* Data *

■ ■ ■ ■ ■ ■ ■

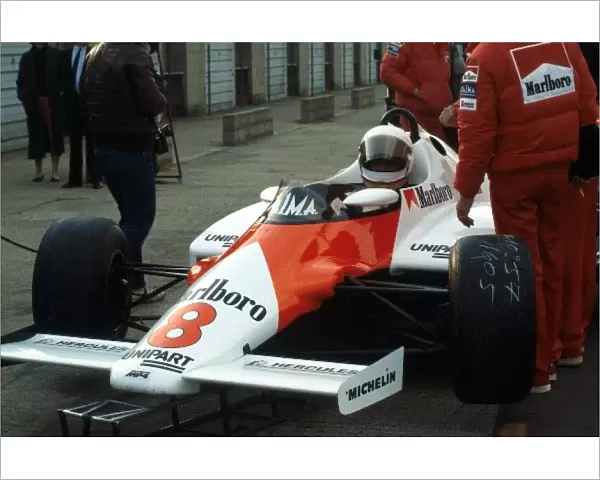 Formula One World Championship: Martin Brundle awaits his opportunity to test the McLaren MP4  /  1C for the first time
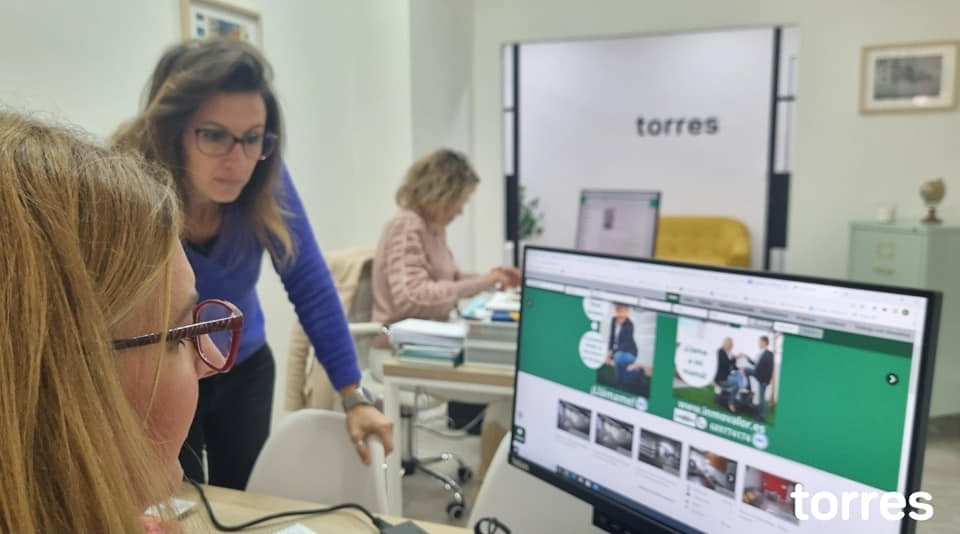 Ver detalles de la Empresa Torrescomunidades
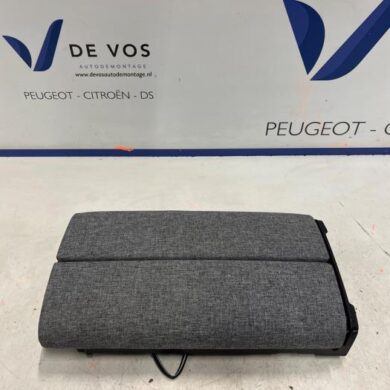 Peugeot 3008 e-3008 Long Range 230 97 kWh Armrest 2025 98472205ZD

■ ■ ■ ■ ■ ■ ■

* Exercise *
A word-for-word copy is required of the lines above from the line with "Ver detalles de la Empresa Torrescomunidades" through the last line of the data; no other lines and no pictures belong in it.

* Solution to this task *
 Ver detalles de la Empresa Torrescomunidades
 Peugeot 3008 e-3008 Long Range 230 97 kWh Armrest 2025 98472205ZD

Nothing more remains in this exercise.